ASSIGNMENT: An exact copy is required of every line from the one with "Pink Heart Saying I Love You Mom" through the end of the data below, and the pictures must stay out of it.
-- DATASET RECORDS follows --
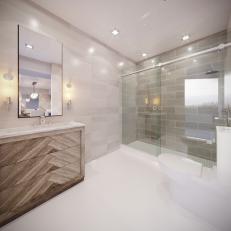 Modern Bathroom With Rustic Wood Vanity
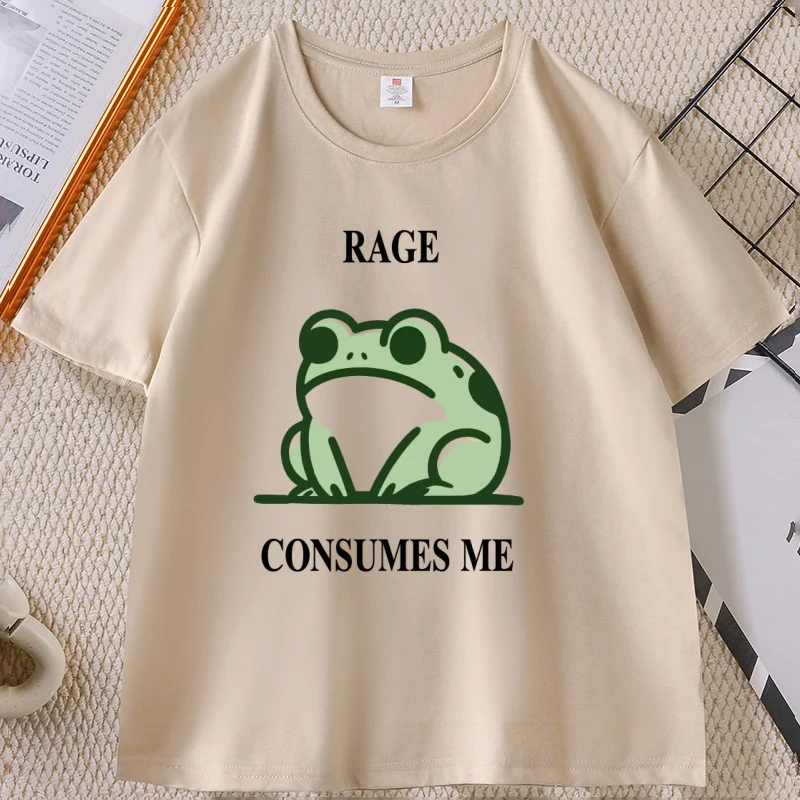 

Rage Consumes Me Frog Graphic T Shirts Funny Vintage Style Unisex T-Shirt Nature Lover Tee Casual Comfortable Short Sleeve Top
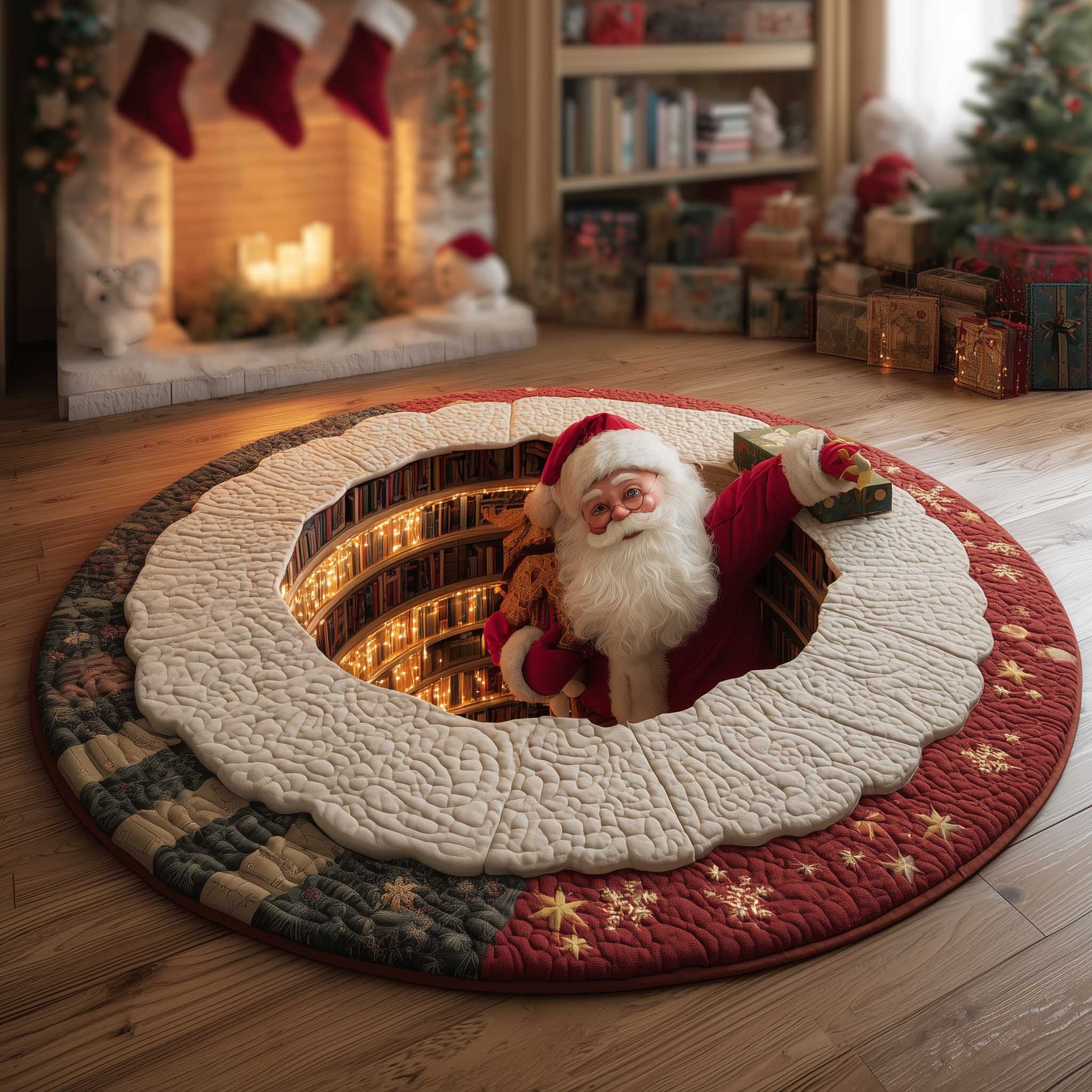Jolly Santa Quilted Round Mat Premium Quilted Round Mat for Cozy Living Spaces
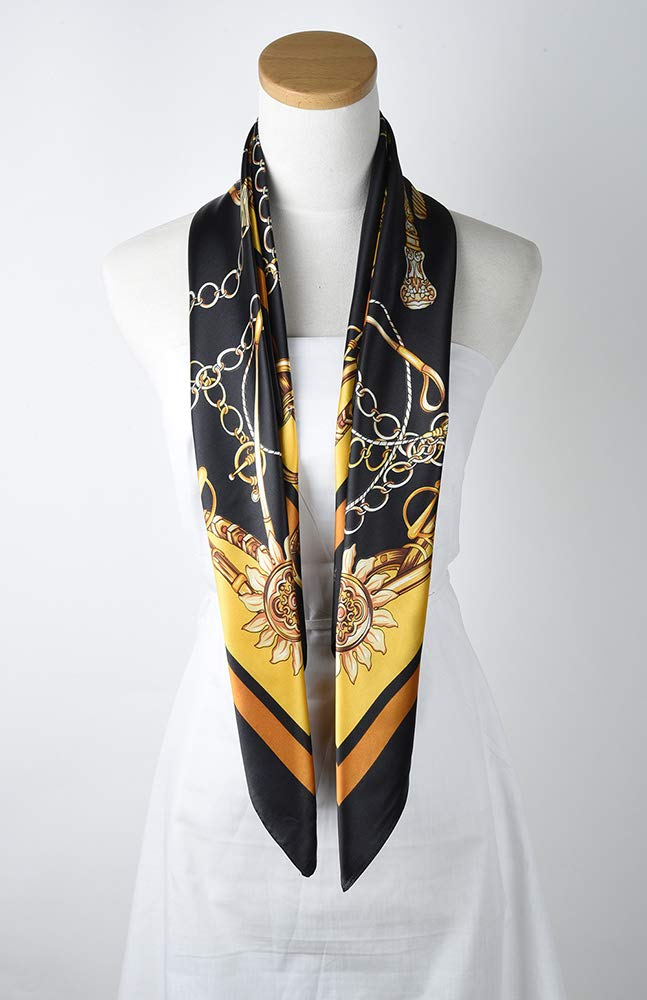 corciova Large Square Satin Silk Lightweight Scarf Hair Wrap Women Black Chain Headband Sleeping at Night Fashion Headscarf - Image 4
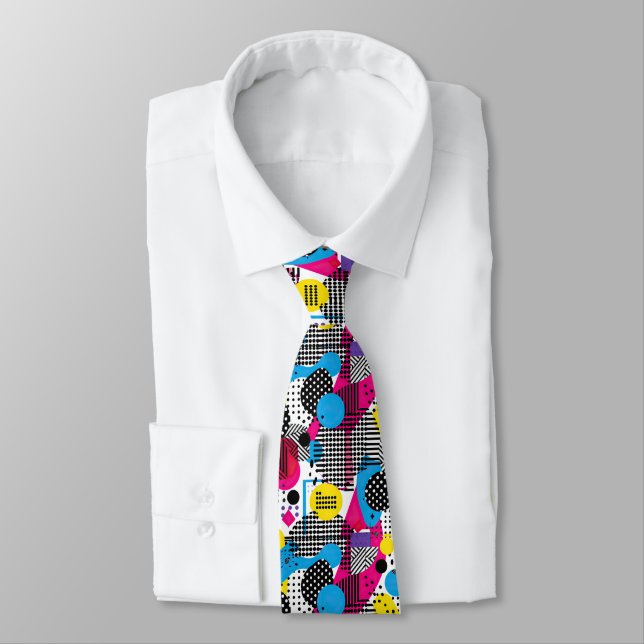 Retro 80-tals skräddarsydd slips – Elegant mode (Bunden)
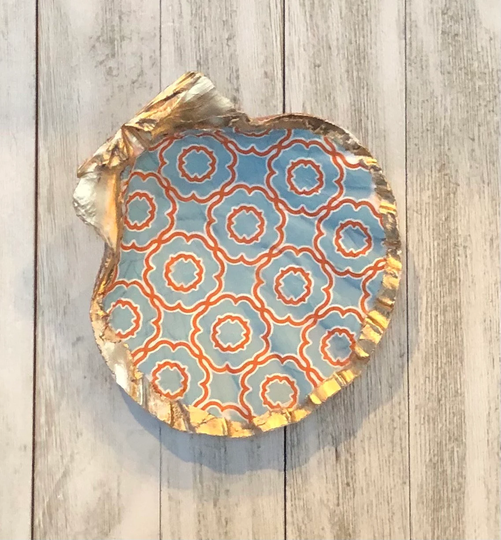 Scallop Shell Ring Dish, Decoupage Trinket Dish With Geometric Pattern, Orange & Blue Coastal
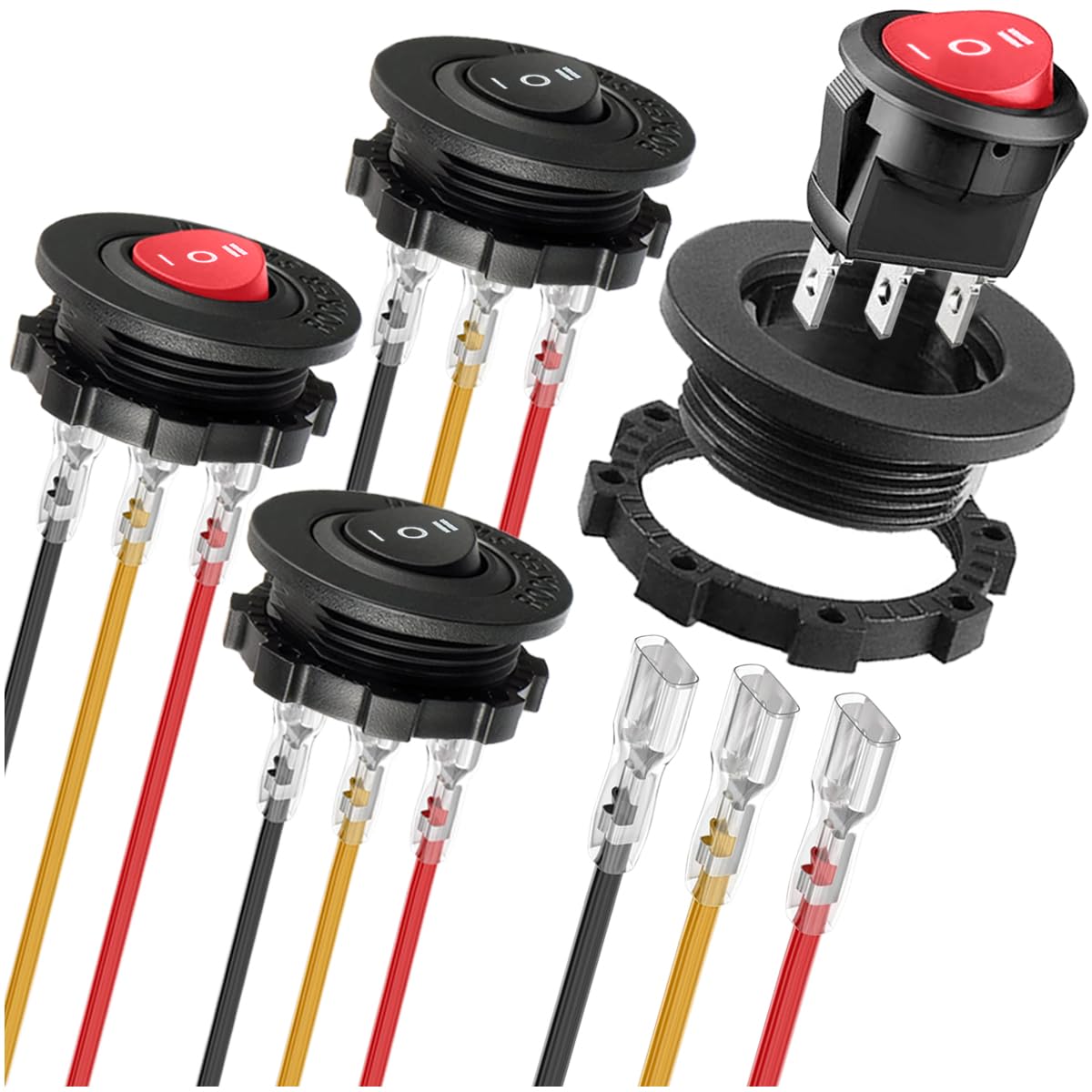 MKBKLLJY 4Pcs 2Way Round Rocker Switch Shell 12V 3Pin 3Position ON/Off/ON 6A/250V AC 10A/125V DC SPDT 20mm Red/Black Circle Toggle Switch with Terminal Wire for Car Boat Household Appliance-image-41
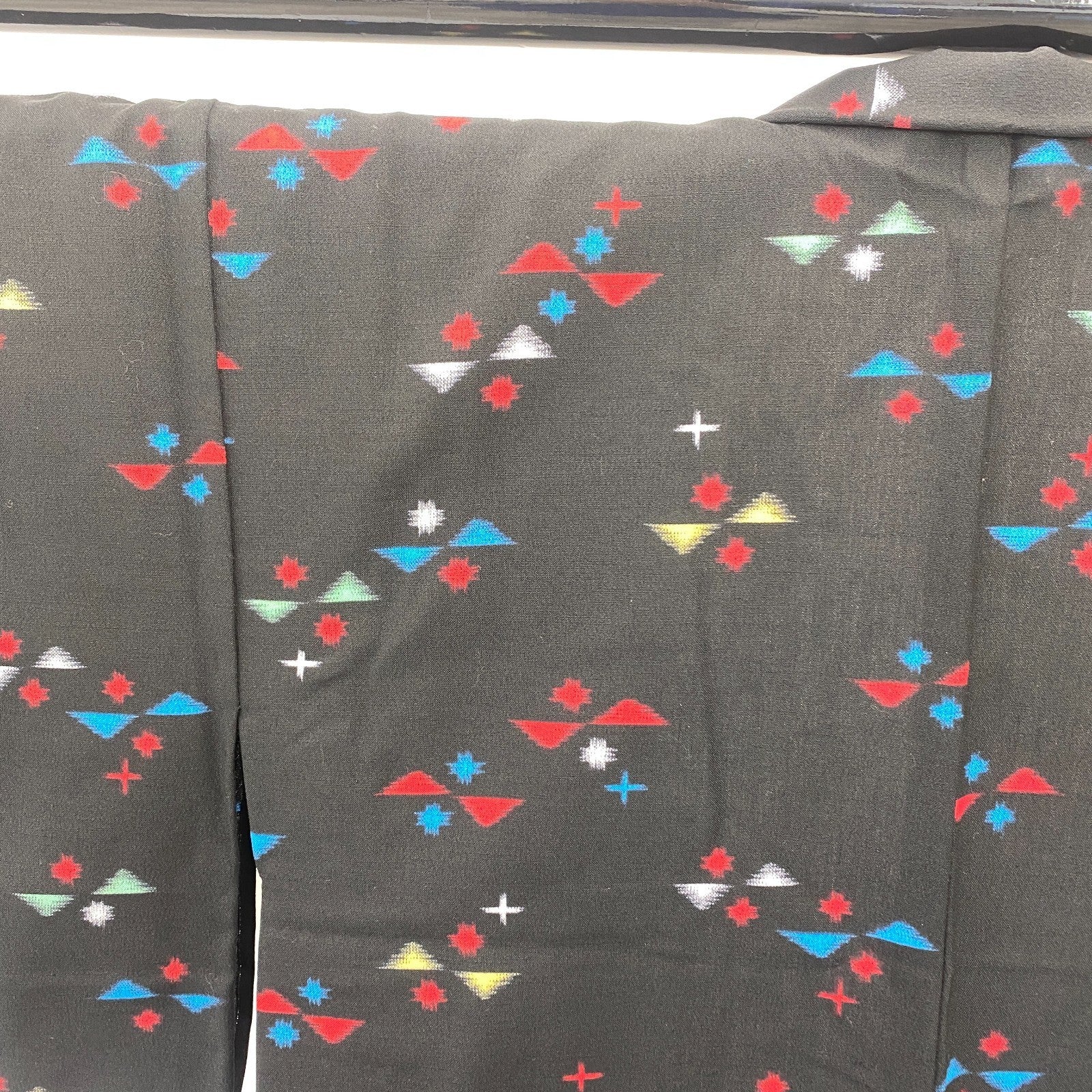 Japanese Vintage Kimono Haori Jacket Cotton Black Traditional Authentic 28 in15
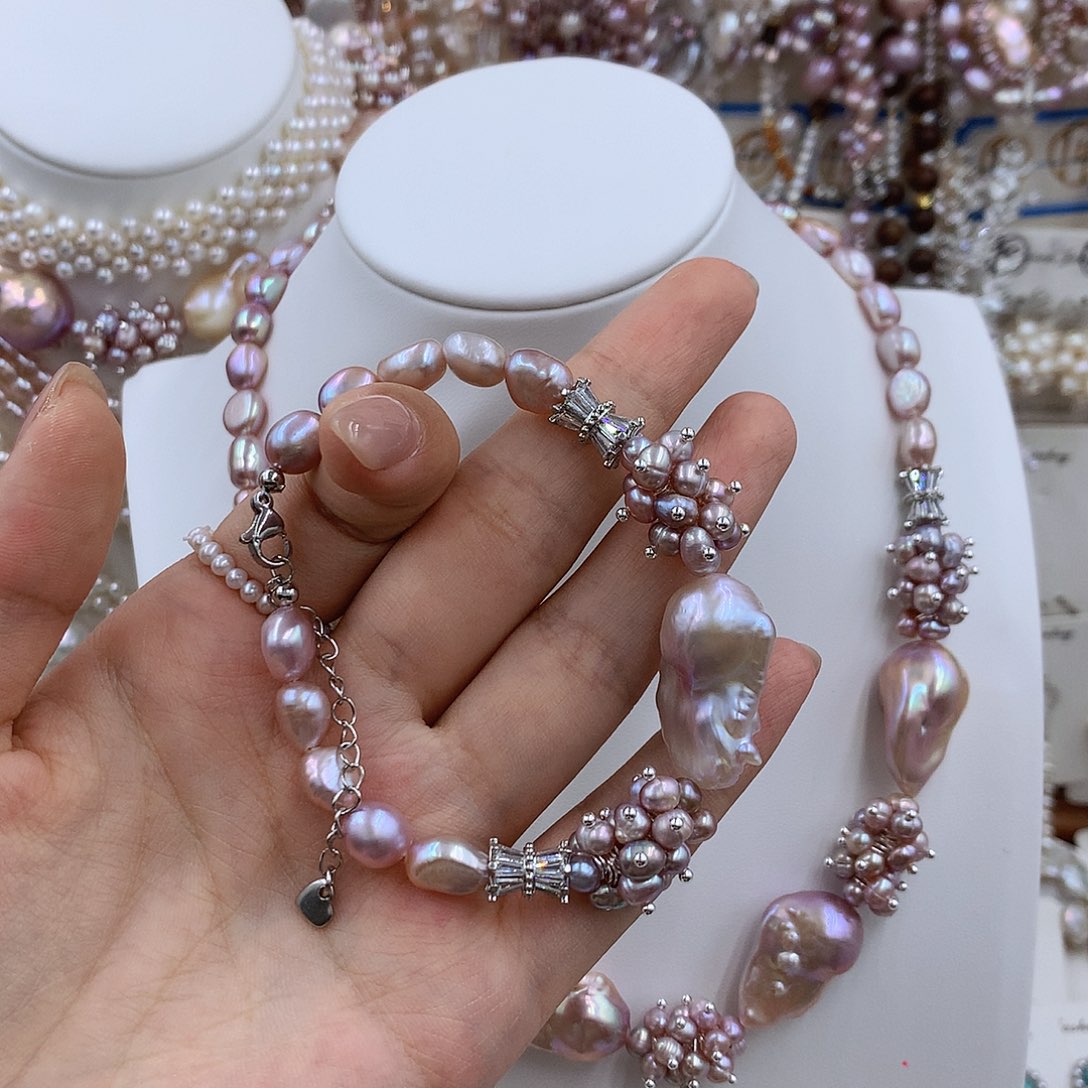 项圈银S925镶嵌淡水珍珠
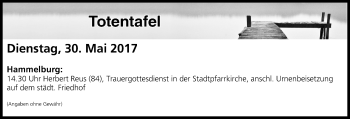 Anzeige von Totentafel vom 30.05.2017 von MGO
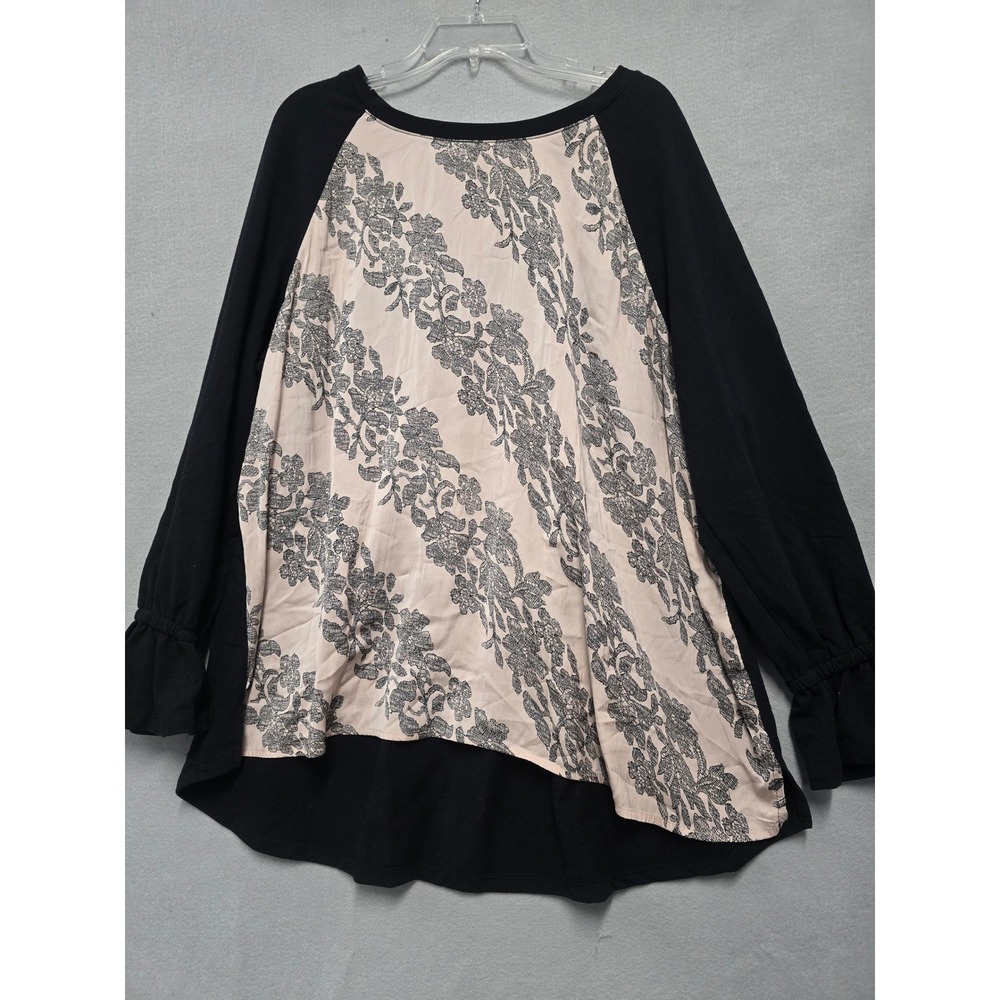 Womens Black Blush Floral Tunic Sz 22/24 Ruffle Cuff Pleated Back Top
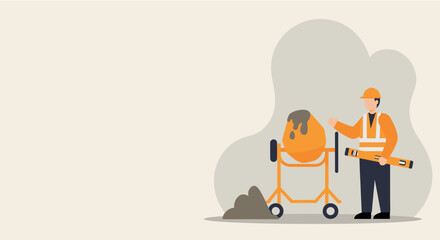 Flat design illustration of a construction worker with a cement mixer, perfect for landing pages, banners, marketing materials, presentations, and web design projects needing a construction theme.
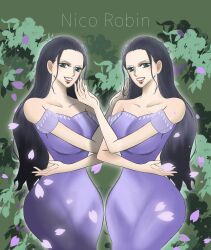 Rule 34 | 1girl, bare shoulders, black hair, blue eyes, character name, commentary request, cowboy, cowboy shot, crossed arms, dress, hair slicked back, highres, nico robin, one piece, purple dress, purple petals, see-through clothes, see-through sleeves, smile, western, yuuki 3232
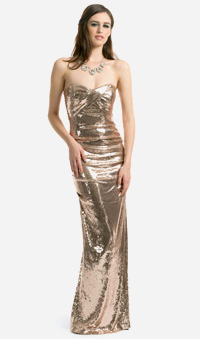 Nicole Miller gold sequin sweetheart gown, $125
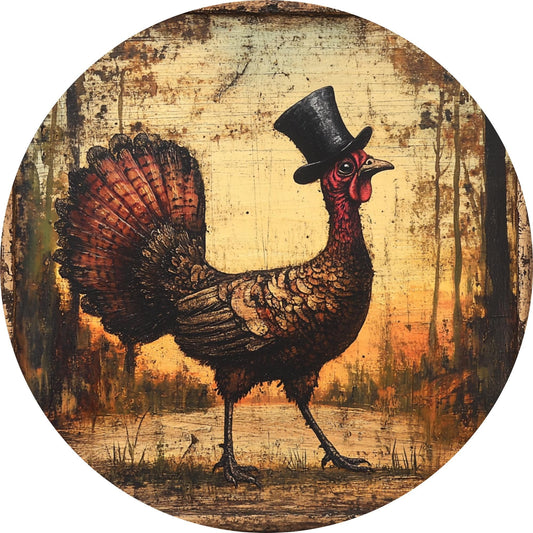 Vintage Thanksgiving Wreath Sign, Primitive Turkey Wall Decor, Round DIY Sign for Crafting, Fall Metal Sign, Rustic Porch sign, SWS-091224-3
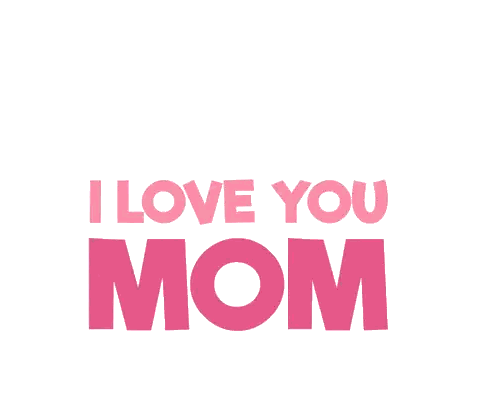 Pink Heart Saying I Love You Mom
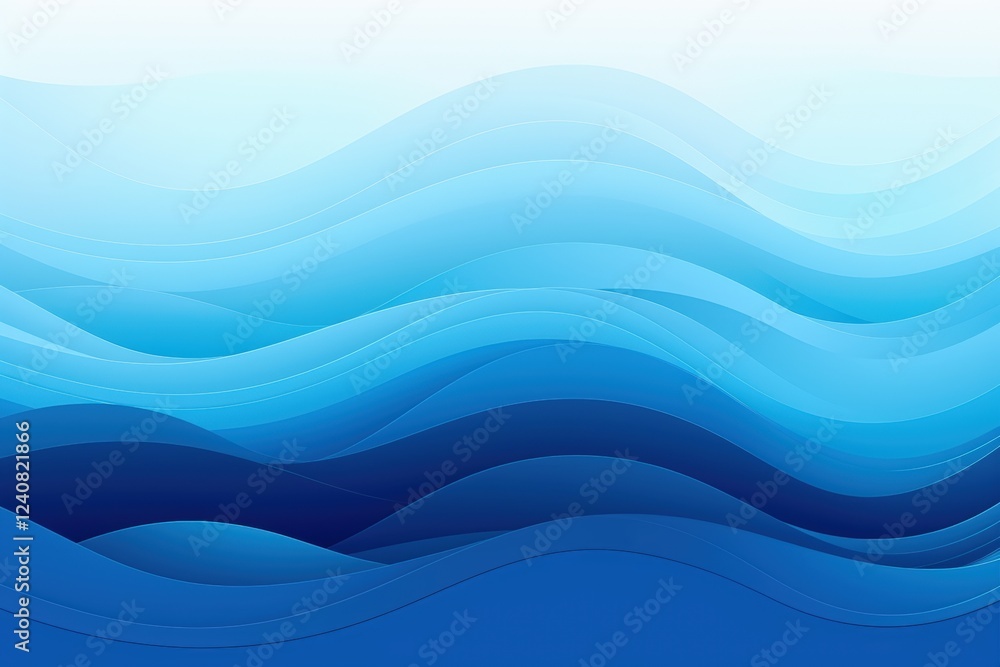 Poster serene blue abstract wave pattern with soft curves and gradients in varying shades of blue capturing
-- DATASET RECORDS concluded --
TASK RESPONSE:
 Pink Heart Saying I Love You Mom
 Poster serene blue abstract wave pattern with soft curves and gradients in varying shades of blue capturing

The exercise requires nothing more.